Curated deep tech and AI content that humans at Radical are reading and thinking about. Sign up here to have Radical Reads delivered directly to your inbox every week.

1) AI in Fintech: Sensibill launches smart technology for rapid receipt data extraction (BusinessWire)

“Sensibill, the leading provider of SKU-level data and financial tools like digital receipt management that help institutions better know and serve their customers, today announced the launch of its newest product: Receipt Extraction API. The machine learning-based solution rapidly automates and streamlines the transcription of receipts, allowing businesses to deepen customer engagement and loyalty at scale.”

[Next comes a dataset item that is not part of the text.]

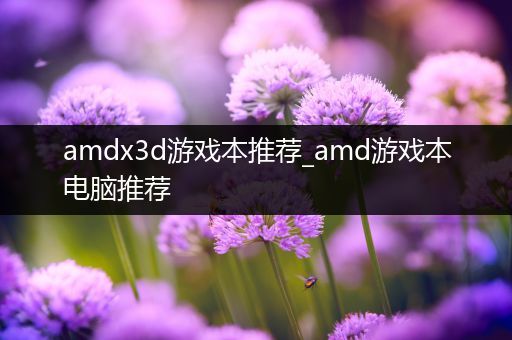 amdx3d游戏本推荐_amd游戏本电脑推荐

Radical Commentary: Sensibill, a Radical portfolio company, launched a machine learning solution to automate receipt transcription. Sensibill’s Receipt Extraction API solution stands to benefit a wide range of businesses that need to quickly and accurately extract receipt data at scale like enterprise accounting firms, financial services companies, and loyalty and reward companies.

Digital transformation is a high priority across the financial services sector, which now have fewer face-to-face interactions with their customers. Digitization of financial data permits these organizations to reduce traditional manual processes in their workflow. Adding machine learning enables a deeper level of understanding of customers. Despite the challenges presented by the pandemic, global digital transformation expenditure in the financial sector is forecast to grow at 13.5% this year.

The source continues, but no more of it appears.